_DESCRIPTION OF THE TASK_
Pictures are to be omitted, and every entry below is to be restated exactly.
### AVAILABLE DATA ###
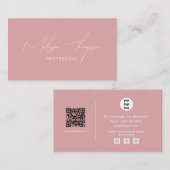 Blush Pink Signature Script Professionele QR-code Visitekaartje (Voorkant / Achterkant)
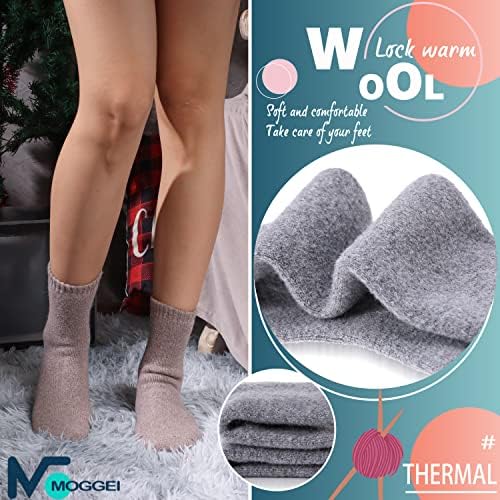 MOGGEI 5 Pairs Womens Merino Wool Socks Hiking Warm Winter Thick Thermal Crew Cozy Cabin Ladies Gift Comfy Boot Work Socks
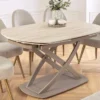 Ausziehbarer Esstisch INCEPTION 130-190cm oval Travertin Keramik champagner greige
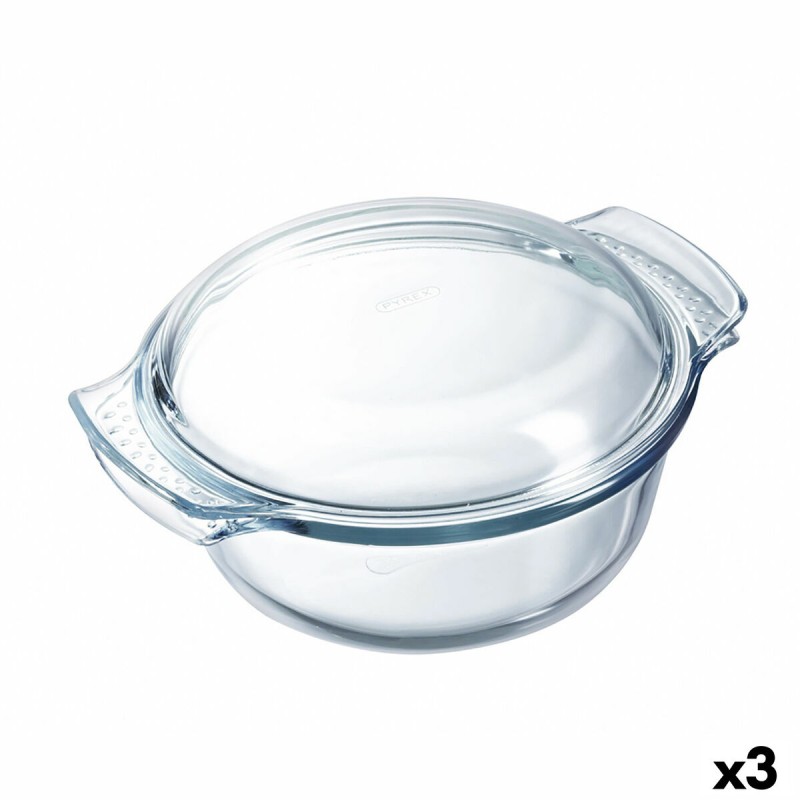 Fuente para Horno Pyrex Classic Vidrio Transparente Vidrio 33 x 26 x 12 cm Con Tapa (3 Unidades)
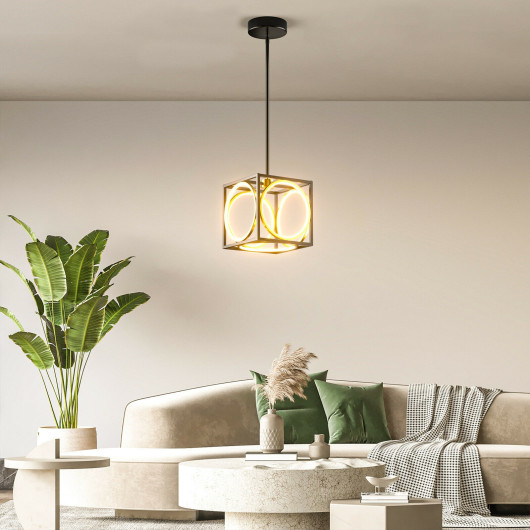 Modern LED Pendant Light with 42 Inches Adjustable Suspender-Black - Image 3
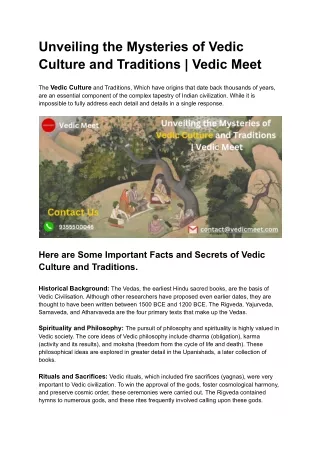 Unveiling the Mysteries of Vedic Culture and Traditions | Vedic Meet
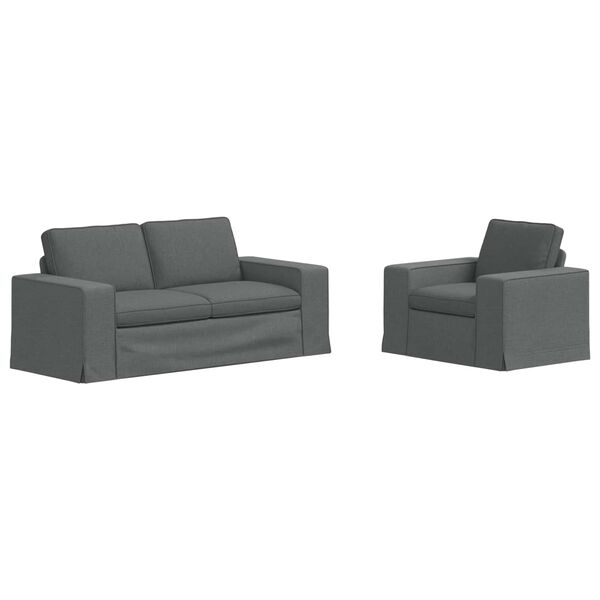 vidaXL Soffa 2 pcs M&ouml;rkgr&aring; 182 x 80 x 82 cm tyg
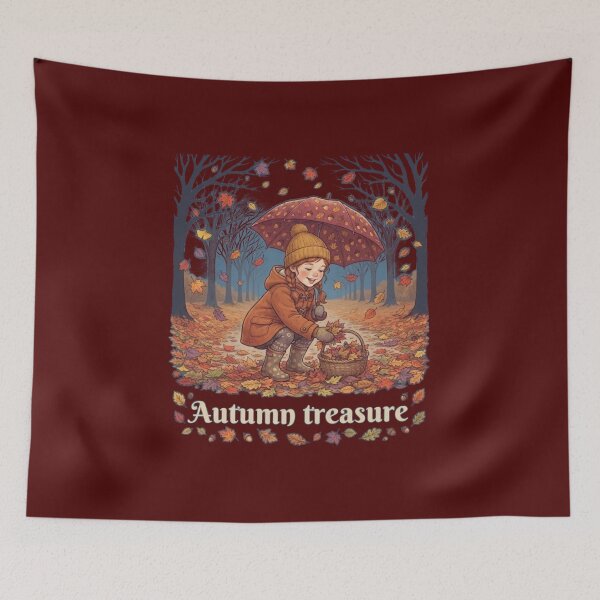 Item preview, Autumn Treasure Fall Leaves Little Girl Collecting Foliage Art designed and sold by Evelashop.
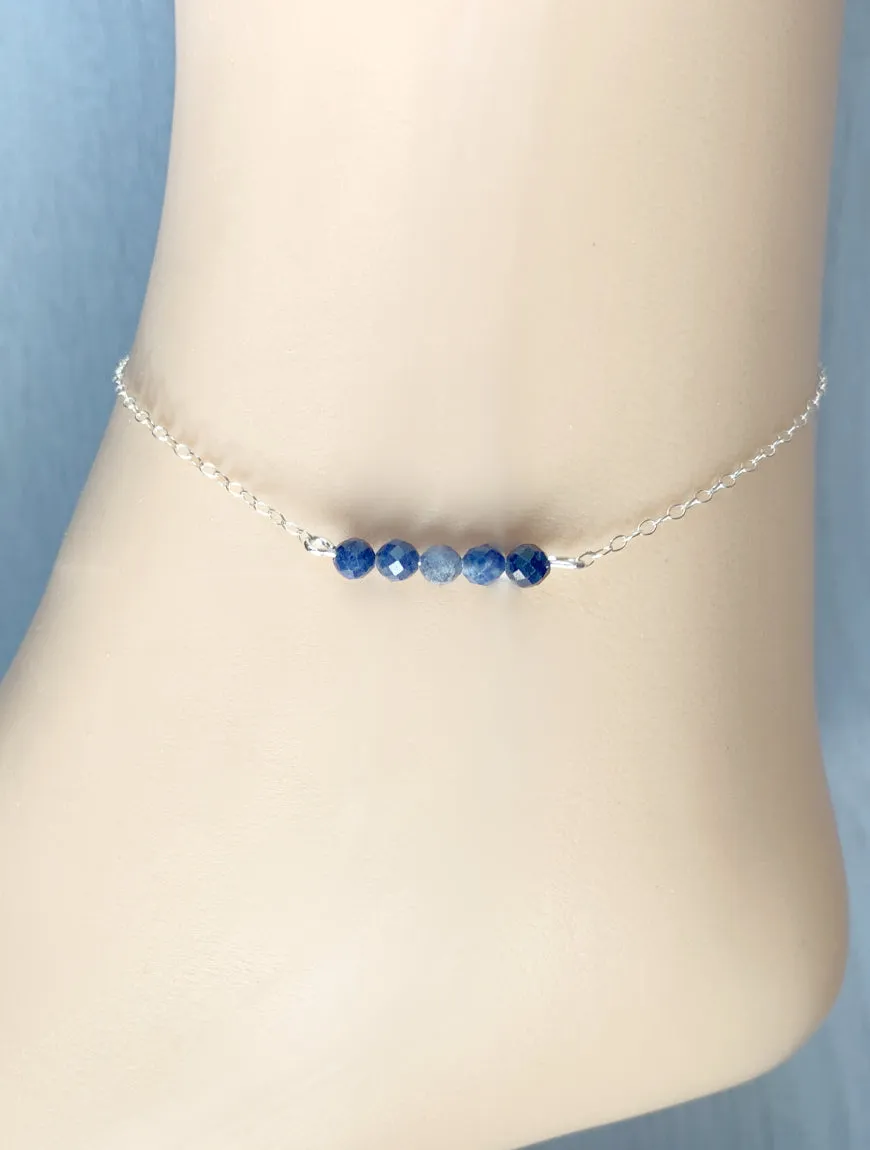 Raw Sapphire Anklet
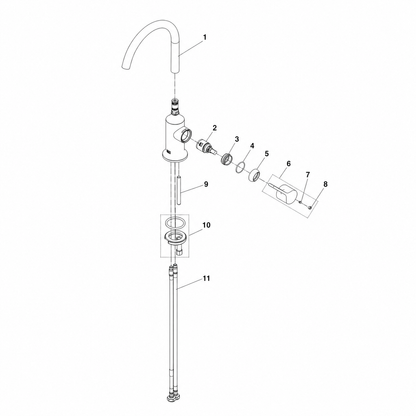 Dornbracht VAIA ééngreeps wastafelmengkraan zonder waste, 167 mm uitloop, Dark Platinum Geborsteld 33521809-99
###
_WRITTEN REPLY_
 Blush Pink Signature Script Professionele QR-code Visitekaartje (Voorkant / Achterkant)
 MOGGEI 5 Pairs Womens Merino Wool Socks Hiking Warm Winter Thick Thermal Crew Cozy Cabin Ladies Gift Comfy Boot Work Socks
 Ausziehbarer Esstisch INCEPTION 130-190cm oval Travertin Keramik champagner greige
 Fuente para Horno Pyrex Classic Vidrio Transparente Vidrio 33 x 26 x 12 cm Con Tapa (3 Unidades)
 Modern LED Pendant Light with 42 Inches Adjustable Suspender-Black - Image 3
 Unveiling the Mysteries of Vedic Culture and Traditions | Vedic Meet
 vidaXL Soffa 2 pcs M&ouml;rkgr&aring; 182 x 80 x 82 cm tyg
 Item preview, Autumn Treasure Fall Leaves Little Girl Collecting Foliage Art designed and sold by Evelashop.
 Raw Sapphire Anklet
 Dornbracht VAIA ééngreeps wastafelmengkraan zonder waste, 167 mm uitloop, Dark Platinum Geborsteld 33521809-99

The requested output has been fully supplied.